Wednesday, June 30, 2010

A Place Forgotten: Johnson-Hill Cemetery


Click here to read an article I came across a while back.

It raises the possibility that there are one or more abandoned cemeteries on the hill above Havre de Grace. It seems hard to believe considering the saturation of residential development in the area. A friend who grew up in town convinced me that there could be any number of lost burial grounds from the Civil War era located between Havre de Grace and Darlington.

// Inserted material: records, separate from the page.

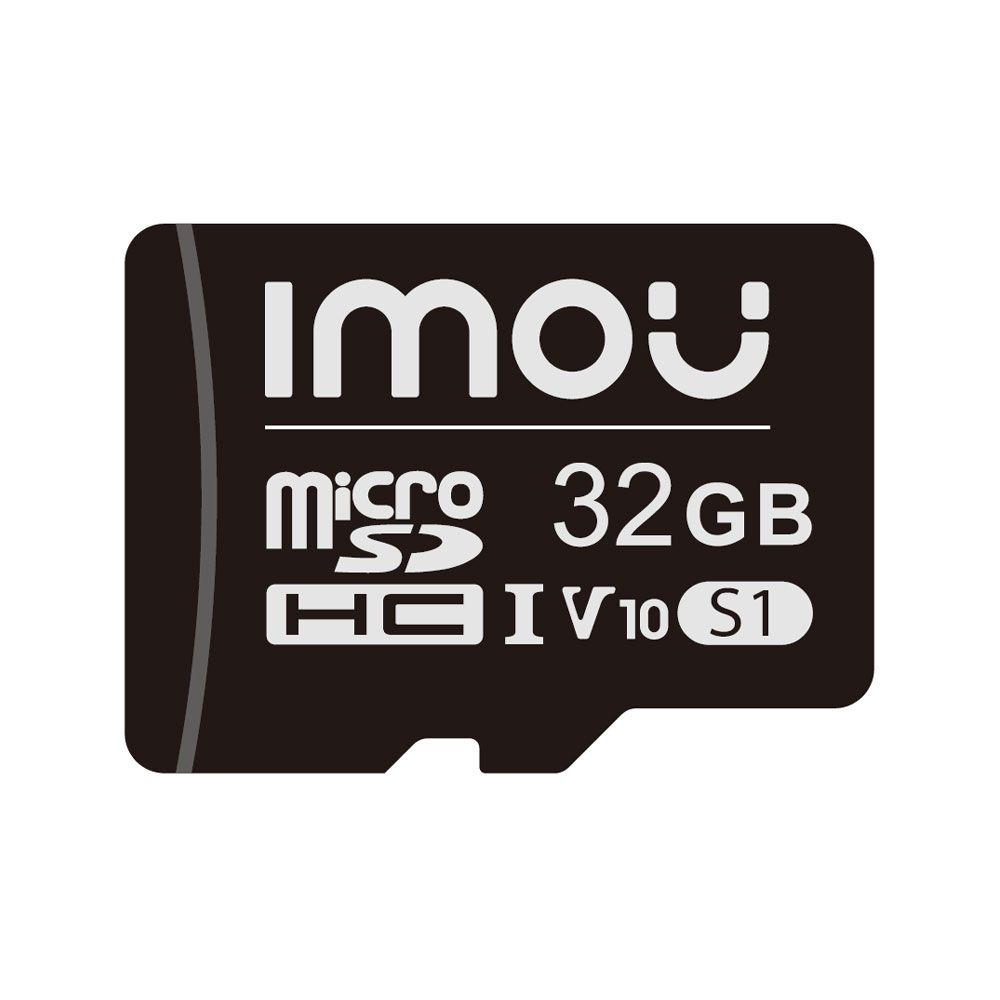 Tarjeta MicroSD Imou Clase 10 de 32GB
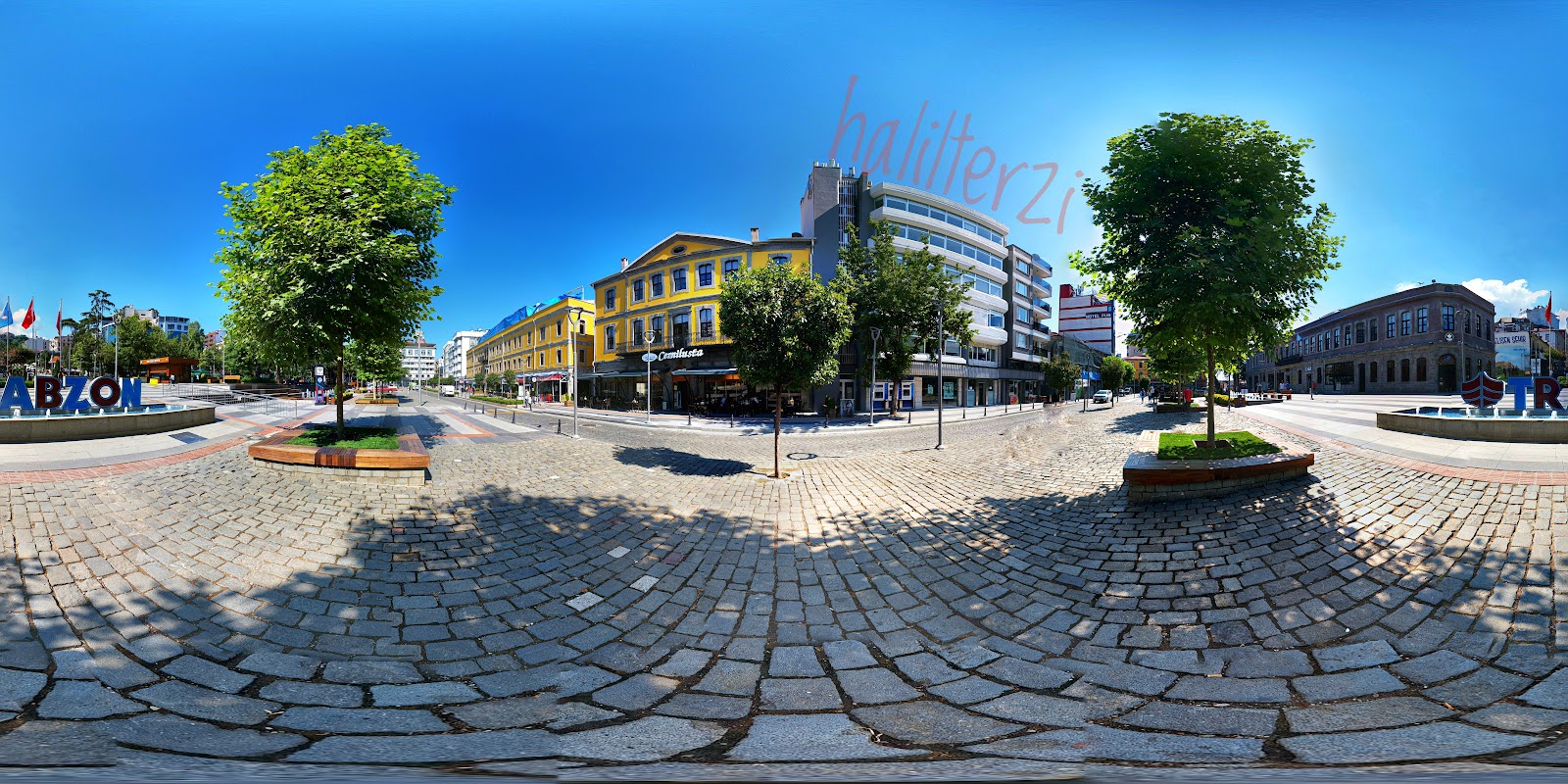 Trabzon Meydan Parkı — fotoğraf 5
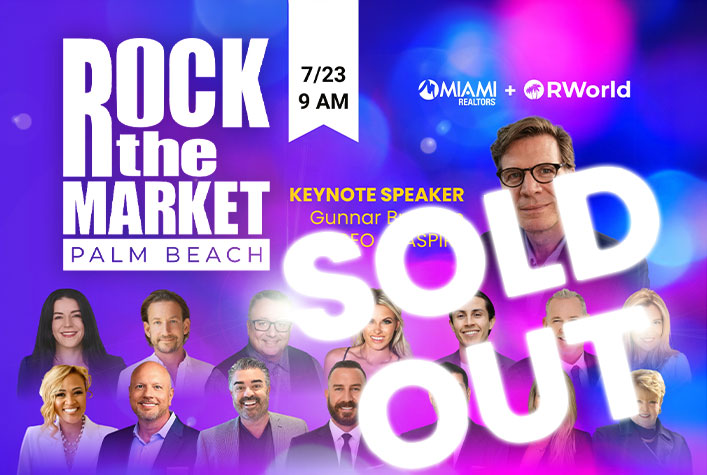 Rock the Market Palm Beach 2026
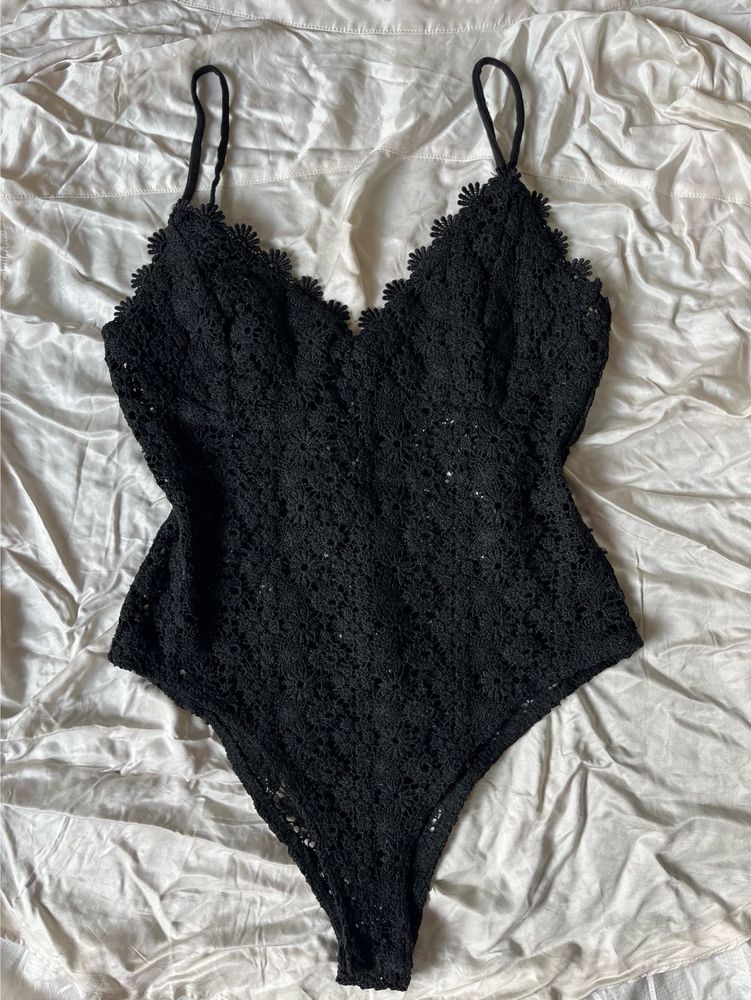 Corset Bodysuit Top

In a little patch of brush on the side of Chapel Road, in the comfort provided by some old trees, sits the place I believe to be Johnson-Hill Cemetery. Some of you are familiar with it, possibly from your youths. Others would be as surprised as I was to learn that abandoned burial sites lie, hidden from view, in the shadows cast by one of the county's most prized communities.

The burial ground is marred by the eerie depressions formed when wooden caskets decay. Some of the grave sites are marked by etched tombstones, some are proudly distinguished by natural stones of varying sizes, most are recognizable only by sunken earth. A fair number of people are buried there.

A tall tree, possibly a source of shade and peacefulness in the past, now encroaches upon the grave of Civil War soldier Luis Hill. Luis rests next to his father James. Josephine, the young bride of Freeborn Curtis, was barely 21 years old when laid to rest in the little cemetery on Chapel Hill. She died in the year after the Civil War ended. We can only imagine the dignity felt by a black man named Freeborn during that ugly time. It says much about the people who lived here then.

The Ghosts of Havre de Grace began as a project to collect haunted stories about the area. It still is with one important distinction: I've leaned that the real ghosts of Havre de Grace are the remarkable people and places whose memories have regrettably faded in time, but are not entirely forgotten.

Thursday, June 24, 2010

The Most Gruesome Night

Gravediggers working with shovels in darkness to unearth caskets, disrupting the sleep of the dead: Could it be the faint memory of a distant childhood nightmare? Could it be the faded recollection of a horrific tale heard long ago?

It happened during the early morning hours of June 25, 1929 at Angel Hill Cemetery in the quiet town of
Havre de Grace.

In the dim light cast by a full moon behind low clouds, M. H. Andrews, superintendent of Angel Hill Cemetery, his son, Clifford and two laborers carried out the grisly task at hand. To avoid frenzied crowds of townsfolk, 3 AM was the designated hour to exhume the bodies of Edward Stone and Edgar Stone, the deceased husband and son of Hattie Stone.

Hattie, in the custody of authorities at the time, was the target of a murder investigation that pointed to the intentional poisoning of her 15 year old son, George, who had died a couple of weeks earlier. Edgar had passed away two years before his brother; Edward had been dead just a year and a half. All three, at the time of their deaths, presented symptoms suggesting they had been poisoned with strychnine. The authorities wanted to know if the rumors circulating around town were true: Did Hattie Stone murder her family?

As might be expected, the bizarre case drew the intense focus of media attention.

The caskets were taken by undertakers George and Robert Pennington, father and son, to their funeral parlor in town. George Pennington was then the mayor of
Havre de Grace. The viscera (internal organs) were removed from the corpses to be delivered to Baltimore for chemical analysis.

The caskets were swiftly returned to Angel Hill where they were placed back in the earth, next to George's grave, while the town still slept.